The mother’s four daughters were apprehended by social workers from VACFSS — an Indigenous-led agency delegated by the provincial government to serve Indigenous families — in 2016. 

The girls were placed in three different homes. The two middle children were set up together in a “staffed residence” after their foster placement broke down, where they endured “serious harm” including: “self-harm, inter-sibling violence, violence with staff, and the application of physical restraints,” according to the tribunal’s decision.

Justine — whose real name is being withheld to protect her children’s privacy — had limited access to her children. For six months, visits were completely cut off, the tribunal heard. 

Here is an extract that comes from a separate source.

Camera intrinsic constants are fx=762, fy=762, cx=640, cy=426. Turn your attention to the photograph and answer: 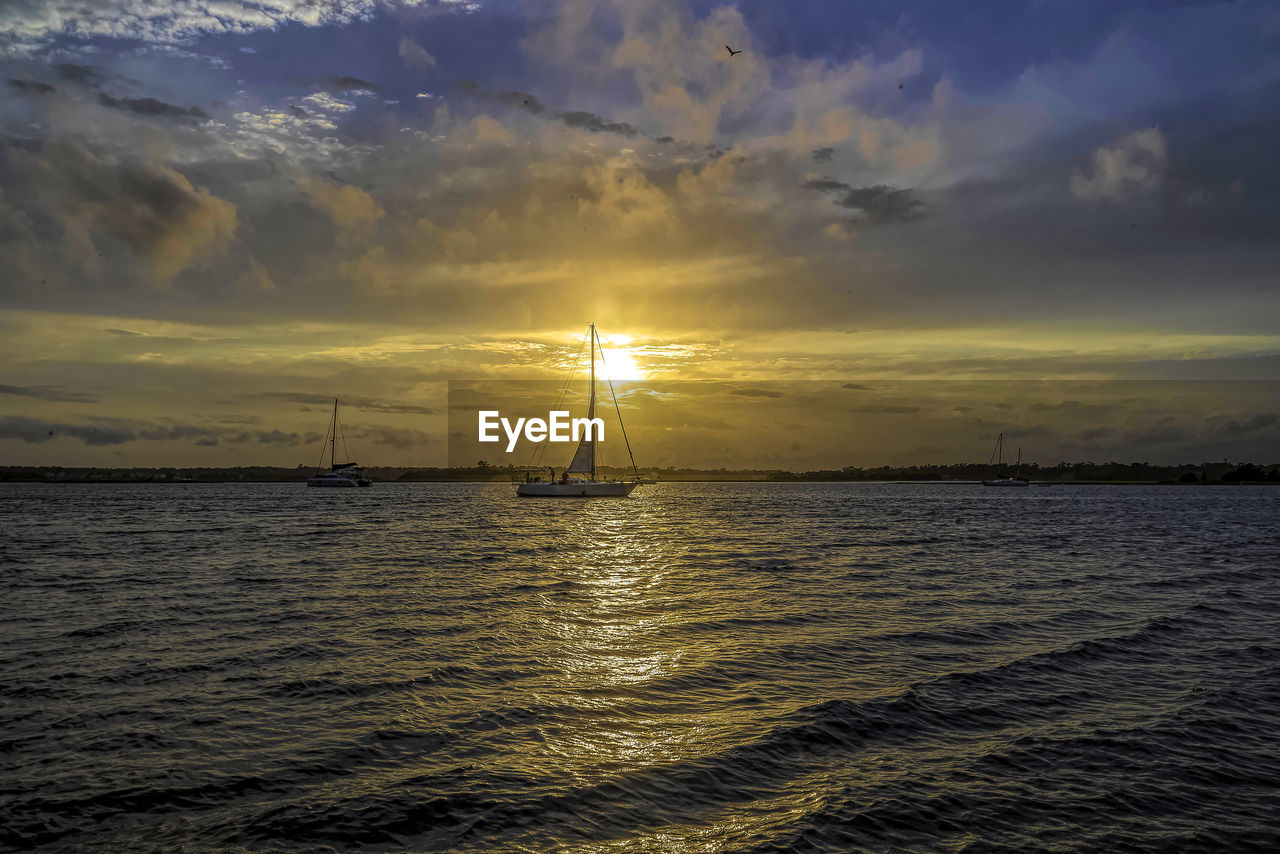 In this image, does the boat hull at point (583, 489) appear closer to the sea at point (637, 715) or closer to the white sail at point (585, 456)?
the white sail at point (585, 456)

She spent almost three years fighting to get them out of “care,” and her children were returned to her in 2019.

In August 2017, Justine filed a complaint with the B.C. Human Rights Tribunal, kicking off a long process that would include 21 hearing days over 17 months.

On Nov. 22, the tribunal found VACFSS discriminated against Justine based on her Indigeneity and disabilities, violating section eight of the B.C. Human Rights Code.

When Justine got the news, she felt “a wave of emotions.” 

“Of course I was happy, but at the same time, it reminded me of the years that I missed with my kids,” she told IndigiNews. 

“Yeah, it’s a win, but did my family really win? No amount of money can give back those years that I missed.”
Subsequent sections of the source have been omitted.